I found the wax injection process to be a new learning curve. Unlike resin, wax has to be injected under pressure. The tin-cure RTV (MoldMax series) I normally use, was too soft. Platinum-cure RTV offered a wider range of durometer ratings, and after some experimentation, I settled on Smooth-sil 950. 

Learning to cut the molds was also a new experience to me. In wax casting, all molds are glove molds. That means the pattern is mounted on a sprue, and completely enveloped in RTV. After the RTV sets, the pattern is carefully cut out, making a two part mold (sometimes more than two parts). I quickly realized this was an art. I watched video after video on YouTube on cutting rubber jewelry molds, and butchered a couple of my own, before I got the hang of it.

Anyway, here are the wax patterns I was able to make:










These will go off to the foundry next week, and I'll find out in a couple weeks if he can cast them or not.

In case you're wondering why I'm doing this, this puts the burden of inventory control on me. Slight revisions are easier for me to keep up with than the foundry. There is also an up-front cost to having them make the rubber molds (starts at $50 for the smallest molds), so I'm hoping this will let me lower my end costs.


----------



## Tomahawk & Western RR (Sep 22, 2015)

but burl, how much does that sci-fi lookin contaption ya got there cost??


----------



## Burl (Jan 2, 2008)

Costs about as much as I was paying for one run of 100+ parts from the foundry.


----------



## SD90WLMT (Feb 16, 2010)

Guys... This is purely Our hobby.. Costs! Is that an issue when compared to the pleasure derived from all this sci-fi fun? Yet.. Where will it lead to in the future!
Burls work is flat out awesome. I've followed his efforts for years, along with Brians amazing work... I'm just hoping to get back to hobby work on my model building this year and get a little closer to Burls detailed efforts here!
Press on.. We know not where this will lead. Spock .. Out!

Good to see your consistent results now Burl! Press on Buddy!
SD


----------



## MJSavage (Dec 27, 2007)

Those turned out great Burl!


----------



## ewarhol (Mar 3, 2014)

Dang Burl. How cool! In just getting a grip on 3D designing, but still have lots to learn. Keep it up our hobby needs people like you. You gonna offer your parts in 1:29 and 1:32? Others


----------



## CliffyJ (Apr 29, 2009)

I'm jealous as always, Burl, haha! 

Seriously, it's really neat to see your progression on making such fine parts. Looking forward to seeing your castings.


----------



## Burl (Jan 2, 2008)

Eric: I hadn’t thought about it, but I suppose I could. I’ll have to wait & see how these turn out before I get serious about it. I would probably only do 1:32. I don’t know enough about the other scales (most of which seem to be narrow gauge) to know if these would be appropriate.


----------



## fockewulf37 (Mar 26, 2012)

Why are you not making 2 piece molds instead of having to cut them out?

ty


----------



## Burl (Jan 2, 2008)

Two part molds are a lot more work, and they are unnecessary with this process.

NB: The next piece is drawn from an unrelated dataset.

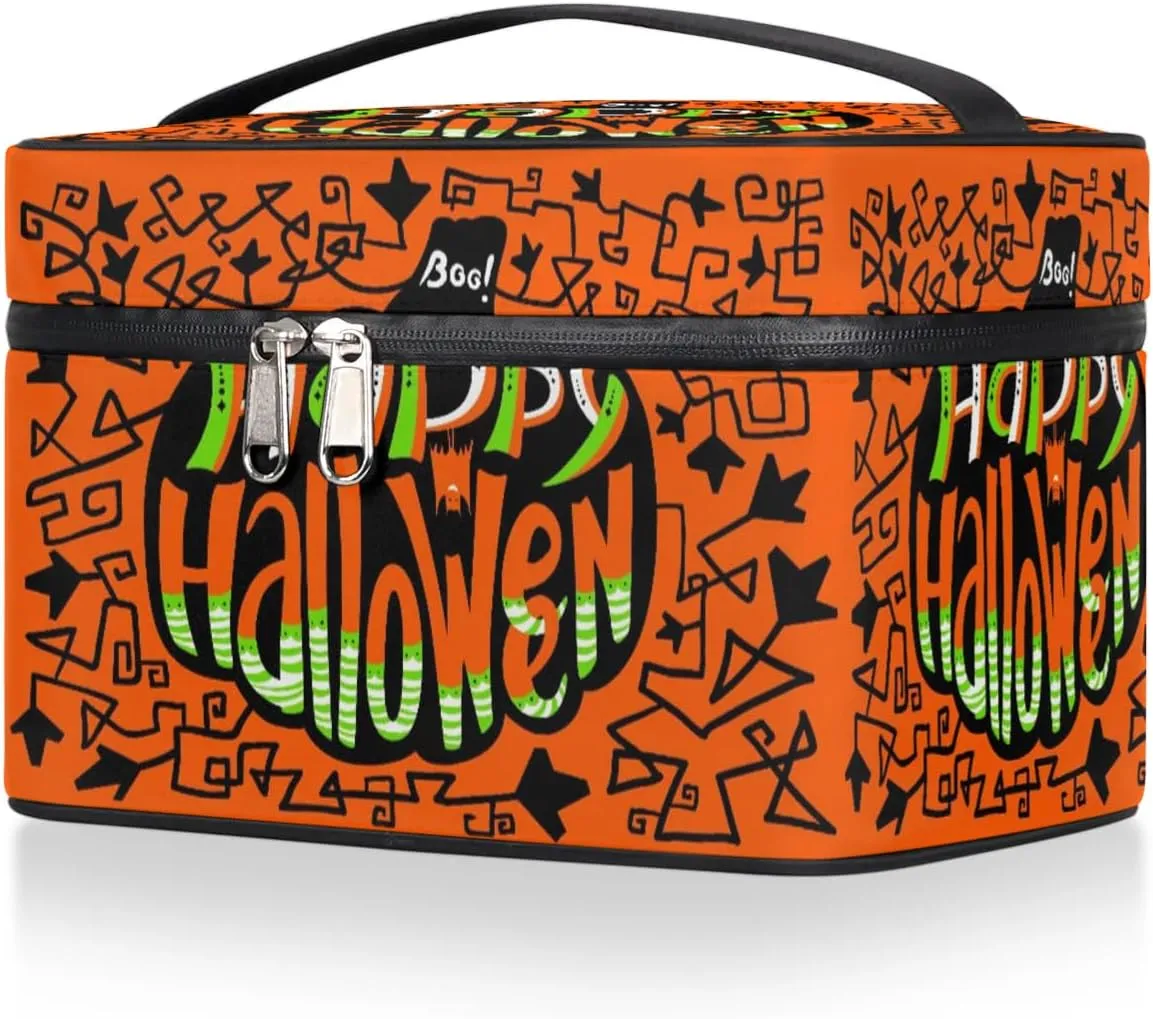 Happy Halloween Topic Makeup Bag Small Cosmetic Bag for Women Travel Makeup Case Organizer Portable Zipper Make Up Brush Bag Cute Toiletry Bag Storage Bags with Handle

Watch this video, and maybe it will make sense:


----------



## fockewulf37 (Mar 26, 2012)

I was not complaining. I just think 2 part molds make much cleaner parts when casting alot of parts. I do alot of casting and just have not been happy with the results cut apart molds. 

Your doing great work and by no means am I knocking anything here..

ty


----------



## Burl (Jan 2, 2008)

I didn't think you were, and I apologize if something I said implied that.

In making the transition to wax, I have discovered the harder mold rubbers work better with glove molds. And if they're cut correctly, the cut itself becomes the registration mark. Wax also leaves surprisingly little flash (compared to resin).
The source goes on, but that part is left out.